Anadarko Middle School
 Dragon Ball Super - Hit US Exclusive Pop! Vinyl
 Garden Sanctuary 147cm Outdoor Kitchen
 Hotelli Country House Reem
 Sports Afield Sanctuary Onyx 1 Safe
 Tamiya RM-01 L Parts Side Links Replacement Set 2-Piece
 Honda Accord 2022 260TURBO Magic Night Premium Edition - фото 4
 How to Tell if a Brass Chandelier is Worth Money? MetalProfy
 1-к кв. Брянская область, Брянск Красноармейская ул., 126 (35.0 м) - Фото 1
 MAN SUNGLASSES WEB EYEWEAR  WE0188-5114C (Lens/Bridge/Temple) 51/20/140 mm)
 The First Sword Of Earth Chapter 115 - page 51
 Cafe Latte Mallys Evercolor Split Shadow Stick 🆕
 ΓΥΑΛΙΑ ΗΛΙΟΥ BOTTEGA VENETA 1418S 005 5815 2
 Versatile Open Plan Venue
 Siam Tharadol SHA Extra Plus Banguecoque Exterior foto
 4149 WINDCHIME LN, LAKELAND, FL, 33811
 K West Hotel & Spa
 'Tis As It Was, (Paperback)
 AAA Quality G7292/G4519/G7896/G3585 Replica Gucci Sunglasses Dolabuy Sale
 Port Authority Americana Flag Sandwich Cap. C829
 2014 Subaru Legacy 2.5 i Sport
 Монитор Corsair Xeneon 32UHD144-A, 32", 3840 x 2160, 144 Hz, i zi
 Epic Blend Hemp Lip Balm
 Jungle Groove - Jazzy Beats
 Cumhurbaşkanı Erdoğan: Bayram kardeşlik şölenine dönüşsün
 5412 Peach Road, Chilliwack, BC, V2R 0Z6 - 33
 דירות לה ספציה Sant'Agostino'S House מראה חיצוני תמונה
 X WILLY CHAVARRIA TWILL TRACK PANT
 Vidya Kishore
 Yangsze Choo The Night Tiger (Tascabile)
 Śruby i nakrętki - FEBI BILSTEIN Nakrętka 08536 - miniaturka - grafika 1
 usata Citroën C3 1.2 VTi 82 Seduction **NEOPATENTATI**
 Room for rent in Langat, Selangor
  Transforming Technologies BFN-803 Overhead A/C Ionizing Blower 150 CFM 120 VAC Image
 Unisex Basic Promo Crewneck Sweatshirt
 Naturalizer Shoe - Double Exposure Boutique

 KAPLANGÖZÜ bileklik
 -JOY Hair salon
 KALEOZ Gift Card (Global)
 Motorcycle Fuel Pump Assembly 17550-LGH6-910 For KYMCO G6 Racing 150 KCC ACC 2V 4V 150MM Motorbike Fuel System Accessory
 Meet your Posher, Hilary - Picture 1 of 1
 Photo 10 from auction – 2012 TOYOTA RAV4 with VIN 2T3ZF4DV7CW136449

▶ [Work task] What is needed is an exact transcription of all the data.

▶ [Result of this task]
Anadarko Middle School
 Dragon Ball Super - Hit US Exclusive Pop! Vinyl
 Garden Sanctuary 147cm Outdoor Kitchen
 Hotelli Country House Reem
 Sports Afield Sanctuary Onyx 1 Safe
 Tamiya RM-01 L Parts Side Links Replacement Set 2-Piece
 Honda Accord 2022 260TURBO Magic Night Premium Edition - фото 4
 How to Tell if a Brass Chandelier is Worth Money? MetalProfy
 1-к кв. Брянская область, Брянск Красноармейская ул., 126 (35.0 м) - Фото 1
 MAN SUNGLASSES WEB EYEWEAR  WE0188-5114C (Lens/Bridge/Temple) 51/20/140 mm)
 The First Sword Of Earth Chapter 115 - page 51
 Cafe Latte Mallys Evercolor Split Shadow Stick 🆕
 ΓΥΑΛΙΑ ΗΛΙΟΥ BOTTEGA VENETA 1418S 005 5815 2
 Versatile Open Plan Venue
 Siam Tharadol SHA Extra Plus Banguecoque Exterior foto
 4149 WINDCHIME LN, LAKELAND, FL, 33811
 K West Hotel & Spa
 'Tis As It Was, (Paperback)
 AAA Quality G7292/G4519/G7896/G3585 Replica Gucci Sunglasses Dolabuy Sale
 Port Authority Americana Flag Sandwich Cap. C829
 2014 Subaru Legacy 2.5 i Sport
 Монитор Corsair Xeneon 32UHD144-A, 32", 3840 x 2160, 144 Hz, i zi
 Epic Blend Hemp Lip Balm
 Jungle Groove - Jazzy Beats
 Cumhurbaşkanı Erdoğan: Bayram kardeşlik şölenine dönüşsün
 5412 Peach Road, Chilliwack, BC, V2R 0Z6 - 33
 דירות לה ספציה Sant'Agostino'S House מראה חיצוני תמונה
 X WILLY CHAVARRIA TWILL TRACK PANT
 Vidya Kishore
 Yangsze Choo The Night Tiger (Tascabile)
 Śruby i nakrętki - FEBI BILSTEIN Nakrętka 08536 - miniaturka - grafika 1
 usata Citroën C3 1.2 VTi 82 Seduction **NEOPATENTATI**
 Room for rent in Langat, Selangor
  Transforming Technologies BFN-803 Overhead A/C Ionizing Blower 150 CFM 120 VAC Image
 Unisex Basic Promo Crewneck Sweatshirt
 Naturalizer Shoe - Double Exposure Boutique

 KAPLANGÖZÜ bileklik
 -JOY Hair salon
 KALEOZ Gift Card (Global)
 Motorcycle Fuel Pump Assembly 17550-LGH6-910 For KYMCO G6 Racing 150 KCC ACC 2V 4V 150MM Motorbike Fuel System Accessory
 Meet your Posher, Hilary - Picture 1 of 1
 Photo 10 from auction – 2012 TOYOTA RAV4 with VIN 2T3ZF4DV7CW136449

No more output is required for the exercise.